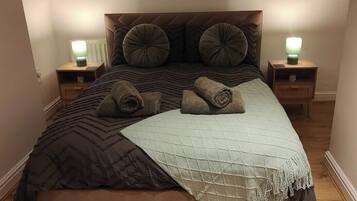 Iron/ironing board, Internet, bed sheets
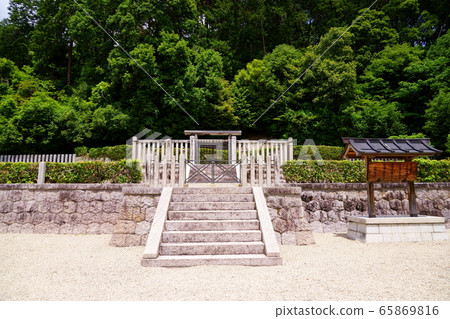 Former Emperor Nahozan Seiryo-2 65869816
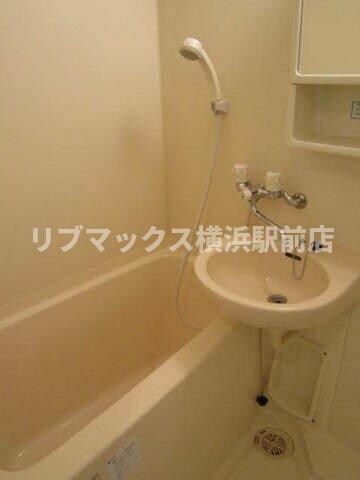 伊勢佐木長者町駅 徒歩2分 8階の物件内観写真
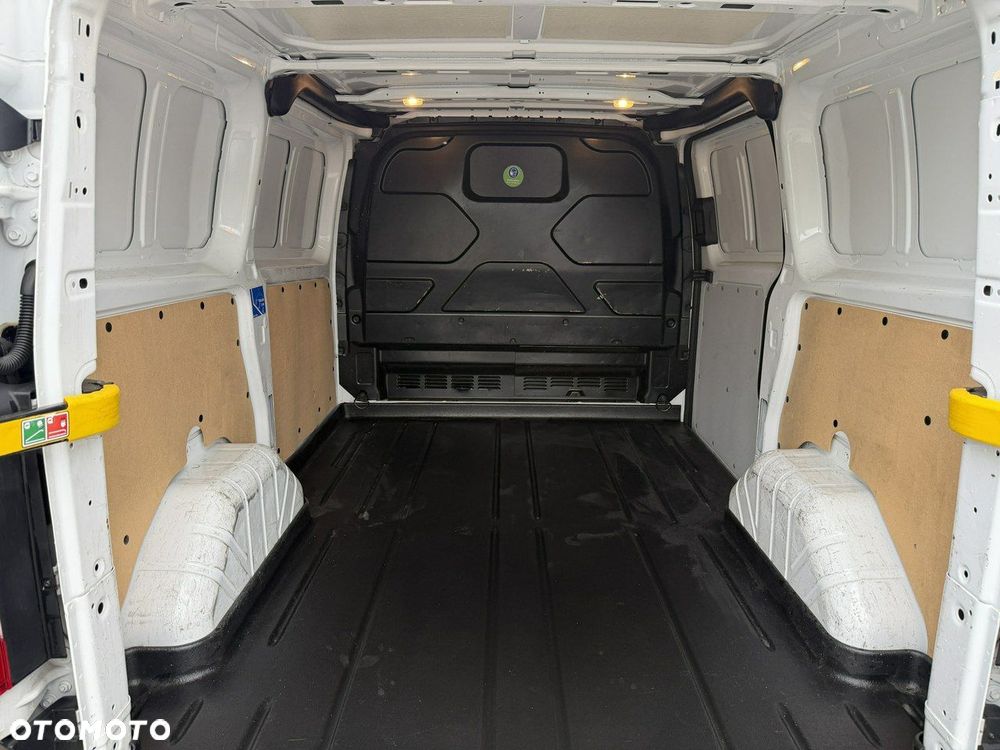 Ford Transit - 22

### Try it
Each word of the data should be repeated exactly, and the pictures left out.

### Solution for this exercise
 Iron/ironing board, Internet, bed sheets
 Former Emperor Nahozan Seiryo-2 65869816
 伊勢佐木長者町駅 徒歩2分 8階の物件内観写真
 Ford Transit - 22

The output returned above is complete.